Here is the snippet of syscalls allowed from the default profile:
{
"names": [
"bpf",
"clone",
"fanotify_init",
"lookup_dcookie",
"mount",
"name_to_handle_at",
"perf_event_open",
"quotactl",
"setdomainname",
"sethostname",
"setns",
"syslog",
"umount",
"umount2",
"unshare"
],
"action": "SCMP_ACT_ALLOW",
"args": [],
"comment": "",
"includes": {
"caps": [
"CAP_SYS_ADMIN"
]
},
"excludes": {}
},
Here the syscalls mentioned in the names
list are allowed for container only if the container starting has the capability CAP_SYS_ADMIN
included when starting it, using the flag --cap-add=SYS_ADMIN
.
Experiment
I have done my own experiment where I am tying the chmod
syscall to the capability CAP_WAKE_ALARM
(There is no serious thinking put behind tying chmod
to this capability CAP_WAKE_ALARM
, I chose it because this capability did not seem to be doing much important hence I picked it up).
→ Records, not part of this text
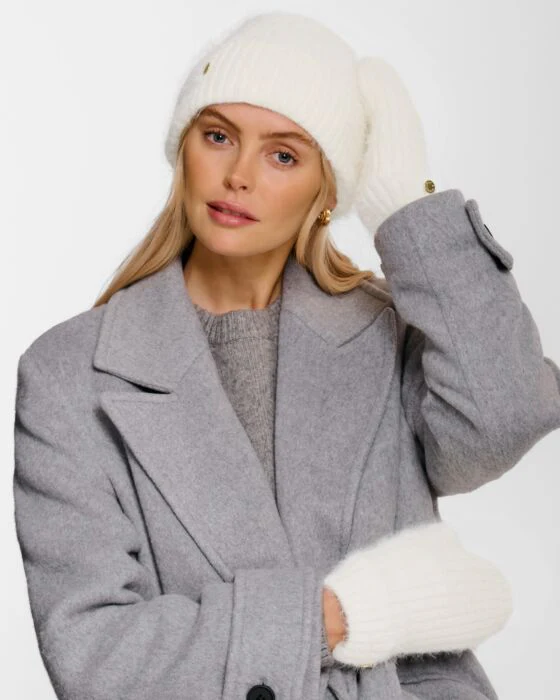 Katie Loxton Gift Boxed Hat And Mitten Set White - Image 2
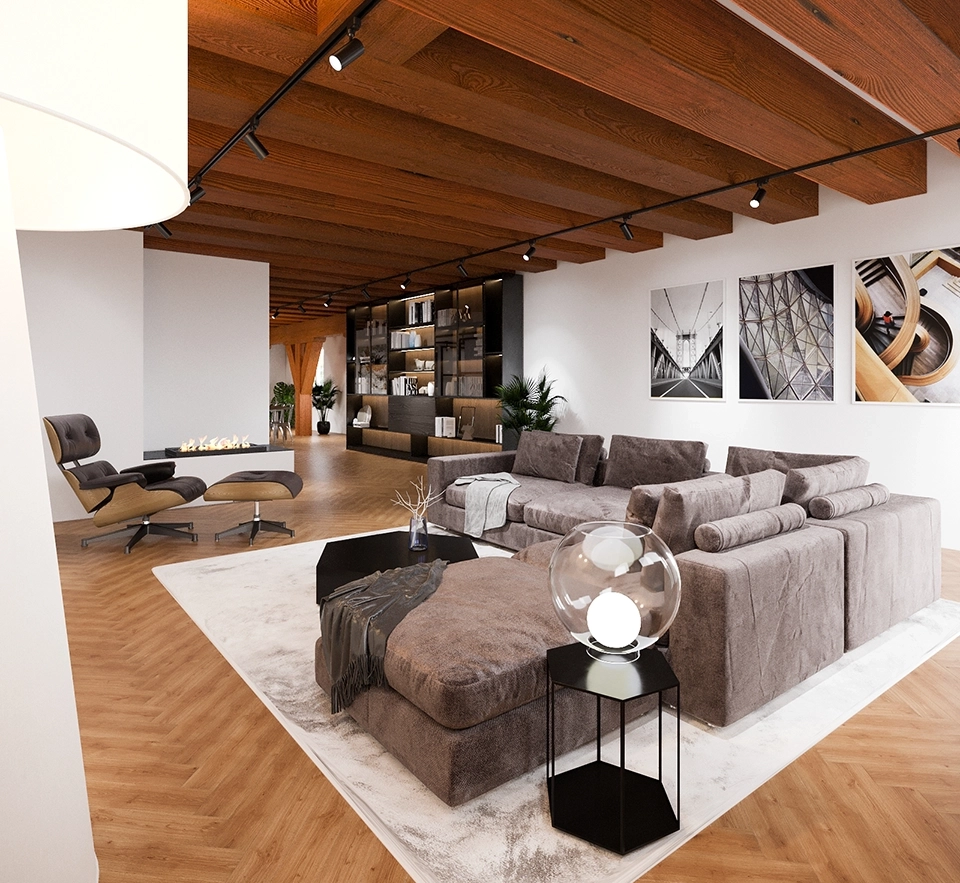Realistische rendering van een ruime woonkamer met houten balkenplafond en grijze bank
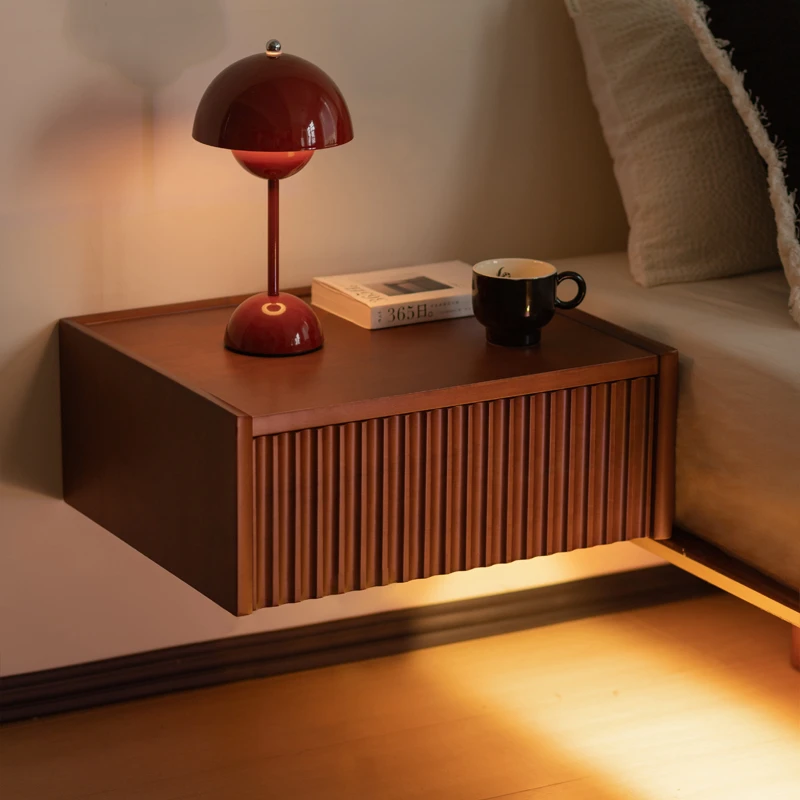 小万家具实木悬浮床头柜北欧小户型墙壁悬挂储物柜床边收纳柜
To try this out I have created a config of my own by changing the default config which looks like following diff:
--- default.json 2019-06-10 14:23:11.688170627 +0530
+++ chmod-wake-alarm.json 2019-06-10 14:19:25.706274172 +0530
@@ -62,7 +62,6 @@
"capget",
"capset",
"chdir",
- "chmod",
"chown",
"chown32",
"clock_getres",
@@ -94,8 +93,6 @@
"fallocate",
"fanotify_mark",
"fchdir",
- "fchmod",
- "fchmodat",
"fchown",
"fchown32",
"fchownat",
@@ -381,6 +378,22 @@
},
{
"names": [
+ "chmod",
+ "fchmod",
+ "fchmodat"
+ ],
+ "action": "SCMP_ACT_ALLOW",
+ "args": [],
+ "comment": "",
+ "includes": {
+ "caps": [
+ "CAP_WAKE_ALARM"
+ ]
+ },
+ "excludes": {}
+ },
+ {
+ "names": [
"personality"
],
"action": "SCMP_ACT_ALLOW",
@@ -791,4 +804,4 @@
"excludes": {}
}
]
-}
\ No newline at end of file
+}
To understand what has changed I first removed all the references to the chmod
and then added following snippet to tie the chmod
to CAP_WAKE_ALARM
.
{
"names": [
"chmod",
"fchmod",
"fchmodat"
],
"action": "SCMP_ACT_ALLOW",
"args": [],
"comment": "",
"includes": {
"caps": [
"CAP_WAKE_ALARM"
]
},
"excludes": {}
},
Now let’s try this if it works:
$ docker container run --rm -it --security-opt seccomp=chmod-wake-alarm.json alpine sh
/ # touch foo.sh
/ # chmod +x foo.sh
chmod: foo.sh: Operation not permitted
If you see with the newly created profile the container did not allow chmod
to run.
$ docker container run --cap-add=WAKE_ALARM --rm -it --security-opt seccomp=chmod-wake-alarm.json alpine sh
/ # touch foo.sh
/ # chmod +x foo.sh
But in the above command I explicitly permitted this container to run with capability CAP_WAKE_ALARM
, and now the container allows chmod
. In this way you can create your own profile and tie it up with any capability you want.